Our recent report [30] has found that
electroacupuncture (EA) with different frequencies showed effective analgesia to acute
visceral hyperalgesia induced by 2% acetic acid (AA) in adult rats. However, it remains
uncertain what concentrations of AA can induce a more appropriate rat model with acute
visceral hyperalgesia for investigating the effect and underlying mechanism of EA treatment,
and whether EA shows different analgesic effects on visceral sensation after instillation
with different concentrations of AA. In this study, we first compared the changes of
visceral sensation in adult rats after colorectal instillation of AA with different
concentrations (saline, 1%, 2% and 4% AA). Then we observed the analgesic effect of EA on
visceral sensation after colorectal instillation of these four concentrations of AA. We
expect that the present study can provide an appropriate rat model for the investigation of
the therapeutic effects and the mechanism underlying the analgesic effect of EA on acute
visceral hyperalgesia.
Materials and Methods
Animals
One hundred twenty-eight male Sprague-Dawley rats, weighing 300–370 g, were obtained from
the Experiment Animal Center, Shanghai Medical College, Fudan University. Rats were housed
in plastic cages with corn chips bedding and maintained accessing to food and water
ad libitum in a cycle of 12 h light on (07:00–19:00) and 12 h light off
(19:00–07:00). All rat usage in this study was strictly in accordance with the National
Institutions of Health Guide for the Care and Use of Laboratory Animals in order to
minimize the number of experiment animals and their suffering.
Experimental process
The study began with colonic instillation of saline to all rats to collect self-control
data. Forty-eight hours later, subsequent experiments such as acute visceral hyperalgesia
induction, assessment of visceral pain, colonic histological examination and EA treatment
were conducted. The visceral sensation of all rats was quantified by scores of abdominal
withdrawal reflex (AWR) and discharges of rectus abdominis electromyogram (EMG) in
response to colorectal distension (CRD).
Observation of AWR
AWR observation needs to apply a CRD stimulus to the animals. CRD stimulation was applied
using an inflatable balloon (constructed from a condom, 6 cm in length, inflated with air)

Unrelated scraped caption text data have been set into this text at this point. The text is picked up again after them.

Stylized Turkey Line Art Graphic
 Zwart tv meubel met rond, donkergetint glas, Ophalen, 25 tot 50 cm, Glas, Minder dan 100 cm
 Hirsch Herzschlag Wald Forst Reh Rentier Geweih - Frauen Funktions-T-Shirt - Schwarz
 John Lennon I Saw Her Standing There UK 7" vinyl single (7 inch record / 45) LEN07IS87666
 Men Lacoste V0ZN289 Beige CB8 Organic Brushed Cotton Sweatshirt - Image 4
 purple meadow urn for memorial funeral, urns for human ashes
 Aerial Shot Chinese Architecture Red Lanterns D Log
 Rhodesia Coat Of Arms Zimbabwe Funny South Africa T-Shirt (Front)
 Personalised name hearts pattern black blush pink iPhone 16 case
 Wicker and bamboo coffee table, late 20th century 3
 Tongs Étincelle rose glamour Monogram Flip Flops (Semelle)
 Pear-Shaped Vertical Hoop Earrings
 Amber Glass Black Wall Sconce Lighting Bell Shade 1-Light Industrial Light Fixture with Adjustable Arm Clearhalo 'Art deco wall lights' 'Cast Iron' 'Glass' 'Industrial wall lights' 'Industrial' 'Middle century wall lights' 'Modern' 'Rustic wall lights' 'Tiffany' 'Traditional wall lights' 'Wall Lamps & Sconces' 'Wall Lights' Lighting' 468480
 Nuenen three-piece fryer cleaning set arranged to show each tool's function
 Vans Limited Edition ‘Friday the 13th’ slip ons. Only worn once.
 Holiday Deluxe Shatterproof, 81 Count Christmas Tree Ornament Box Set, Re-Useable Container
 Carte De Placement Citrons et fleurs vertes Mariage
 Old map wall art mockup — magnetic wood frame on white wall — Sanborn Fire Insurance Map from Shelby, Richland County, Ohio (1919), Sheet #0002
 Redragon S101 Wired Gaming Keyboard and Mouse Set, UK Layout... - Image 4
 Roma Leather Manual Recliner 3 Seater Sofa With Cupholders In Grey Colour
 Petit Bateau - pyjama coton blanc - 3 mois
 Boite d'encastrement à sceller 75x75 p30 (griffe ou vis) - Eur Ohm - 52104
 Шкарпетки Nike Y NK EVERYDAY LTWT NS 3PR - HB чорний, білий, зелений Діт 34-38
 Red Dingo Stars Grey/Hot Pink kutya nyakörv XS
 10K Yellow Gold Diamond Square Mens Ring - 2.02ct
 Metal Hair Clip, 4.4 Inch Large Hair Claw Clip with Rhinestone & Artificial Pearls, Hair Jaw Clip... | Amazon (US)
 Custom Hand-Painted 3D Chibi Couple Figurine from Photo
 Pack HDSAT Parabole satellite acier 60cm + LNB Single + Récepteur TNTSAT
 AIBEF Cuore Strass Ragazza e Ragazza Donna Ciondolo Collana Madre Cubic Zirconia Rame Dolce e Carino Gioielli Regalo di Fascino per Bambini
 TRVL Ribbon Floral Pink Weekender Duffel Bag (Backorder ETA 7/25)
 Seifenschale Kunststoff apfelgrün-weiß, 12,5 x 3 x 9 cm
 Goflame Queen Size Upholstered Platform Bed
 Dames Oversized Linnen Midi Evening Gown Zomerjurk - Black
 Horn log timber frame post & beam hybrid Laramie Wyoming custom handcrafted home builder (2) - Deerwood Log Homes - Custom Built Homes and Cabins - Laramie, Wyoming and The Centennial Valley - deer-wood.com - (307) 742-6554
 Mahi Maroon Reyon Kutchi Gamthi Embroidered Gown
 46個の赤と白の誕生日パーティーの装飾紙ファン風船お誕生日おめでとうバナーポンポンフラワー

attached to a polyethylene cannula (PE-60) via a Y connector that was also attached to a
20-ml syringe and a sphygmomanometer. The balloon was inserted 7 cm deep from the anus
into the descending colon and lightly tied to the root of rat tail to prevent it from
sliding out. The rat was then placed in a small transparent cubicle (20 × 8 × 8 cm) on a
platform and allowed to adapt for 20 min. Graded strengths of CRD at 20, 40, 60 and 80
mmHg were applied in sequence and kept for 20 s in order to produce different intensities
of visceral pain.Behavioral responses to visceral pain induced by CRD were assessed by observing the AWR.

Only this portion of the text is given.